» **About this task**: The required output is the exact run of lines from the one that contains "Montseny fall colors" to the end of the data, with every picture left out.

» **Supplied data**:

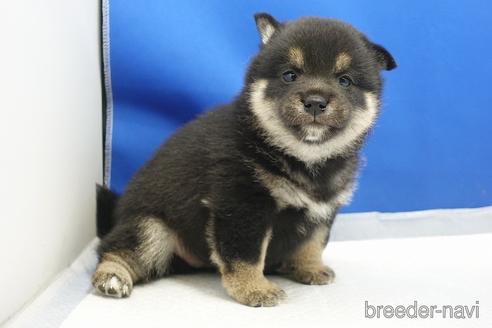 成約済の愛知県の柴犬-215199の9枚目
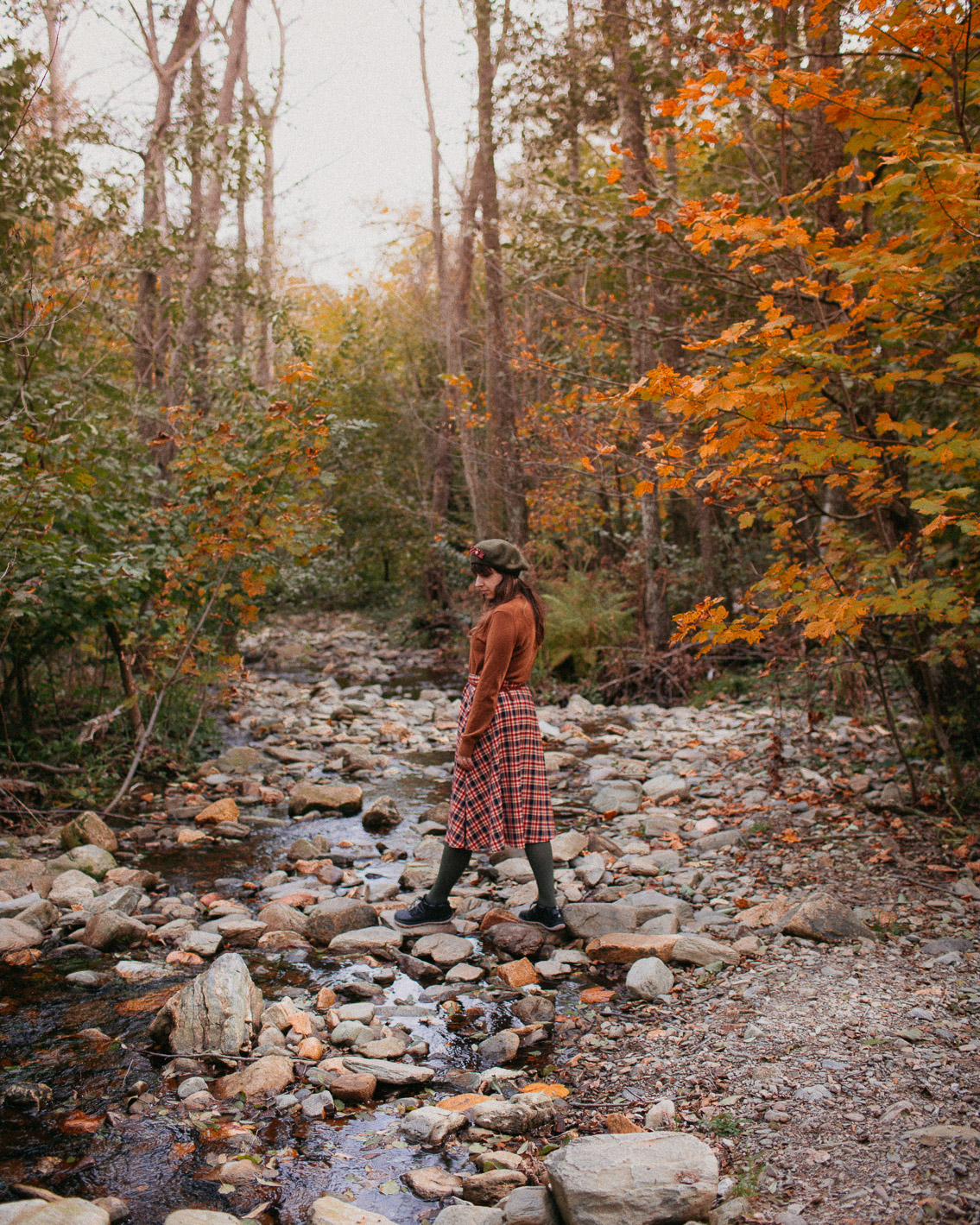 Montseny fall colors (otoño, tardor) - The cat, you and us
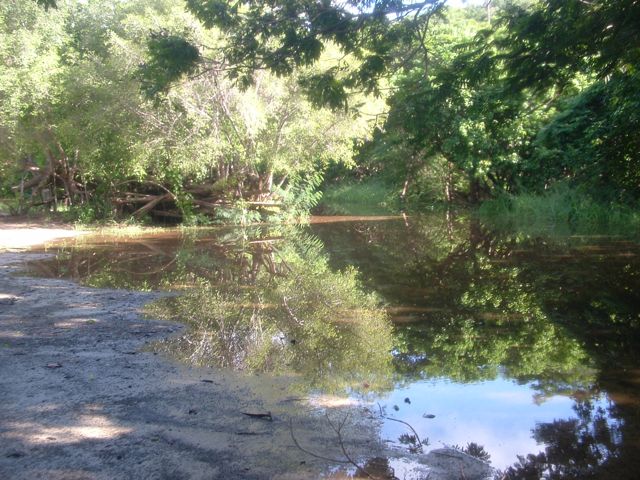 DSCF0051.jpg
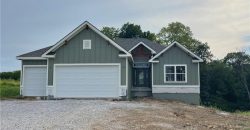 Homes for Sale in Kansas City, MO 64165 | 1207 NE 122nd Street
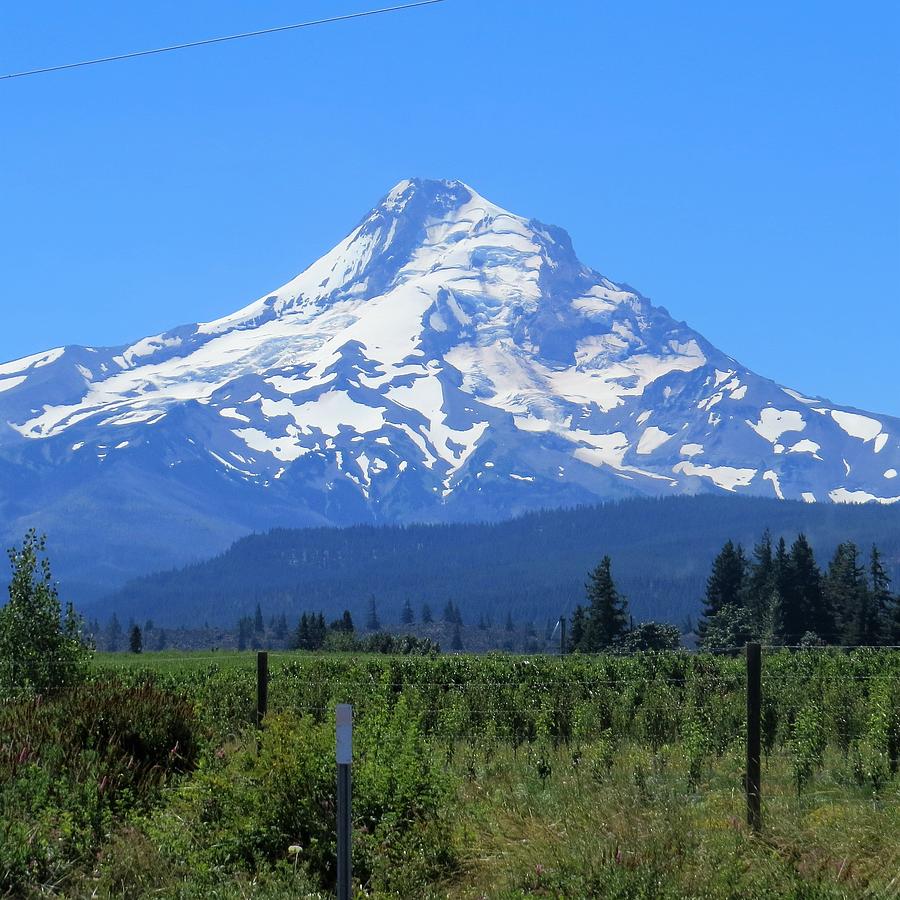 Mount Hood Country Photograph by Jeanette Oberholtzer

» **Written response**:
 Montseny fall colors (otoño, tardor) - The cat, you and us
 DSCF0051.jpg
 Homes for Sale in Kansas City, MO 64165 | 1207 NE 122nd Street
 Mount Hood Country Photograph by Jeanette Oberholtzer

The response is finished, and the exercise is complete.